-- Collected material follows --

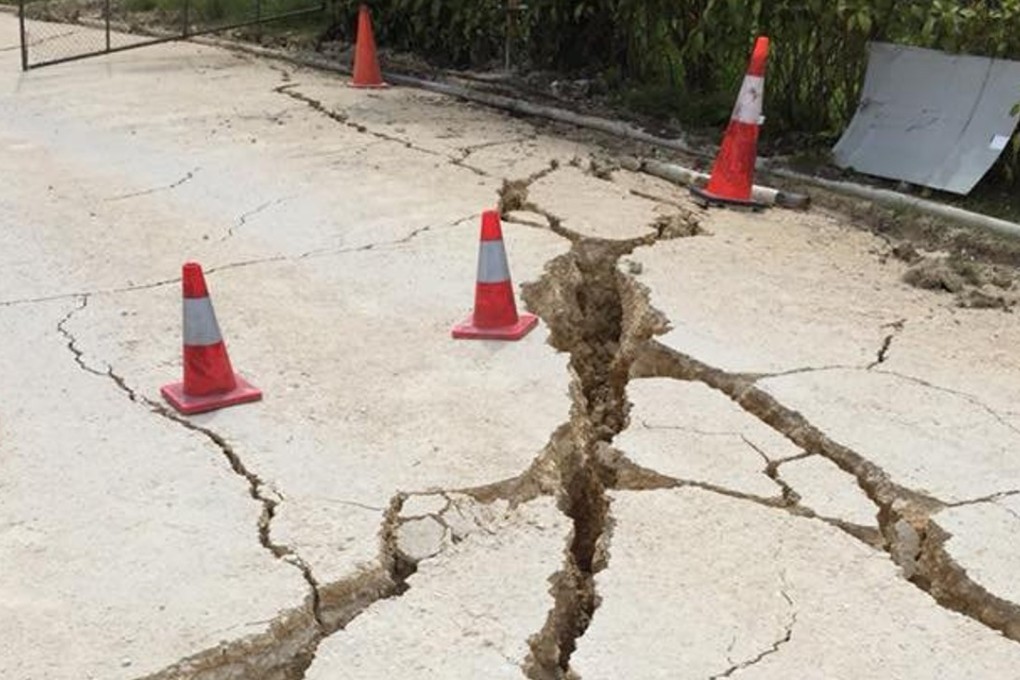 Cracked ground in Hela, Papua New Guinea. Photo: Reuters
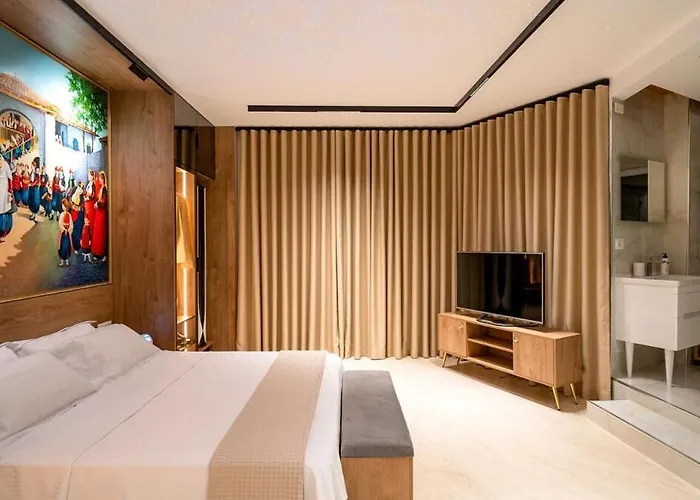 446 White Luxury Shkodër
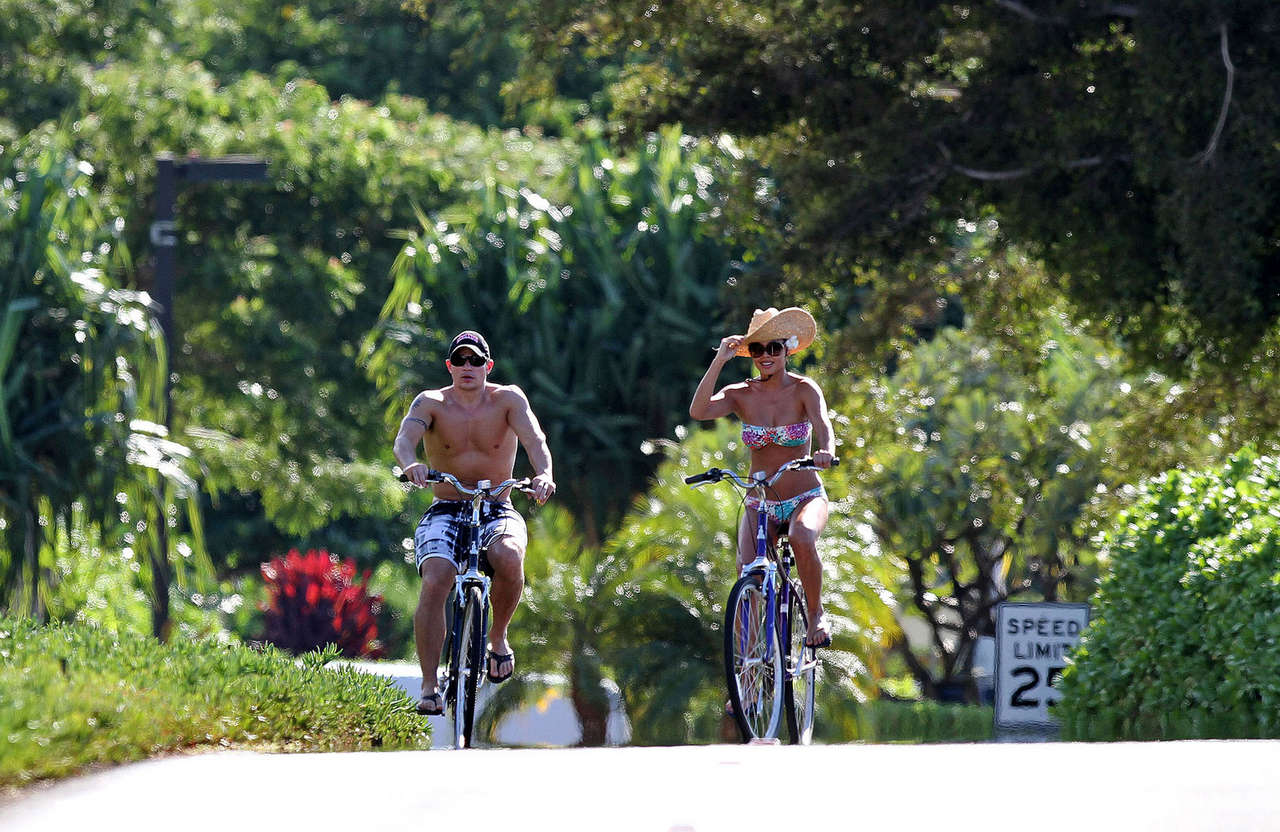 Vanessa Minnillo Bikini Candid Bike Hawaii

-- Collected material concluded --

[Your objective] The exact lines from the one containing "446 White Luxury Shkodër" through the end of the data are to be copied, with both ends kept and pictures left out.

[Response area]
 446 White Luxury Shkodër
 Vanessa Minnillo Bikini Candid Bike Hawaii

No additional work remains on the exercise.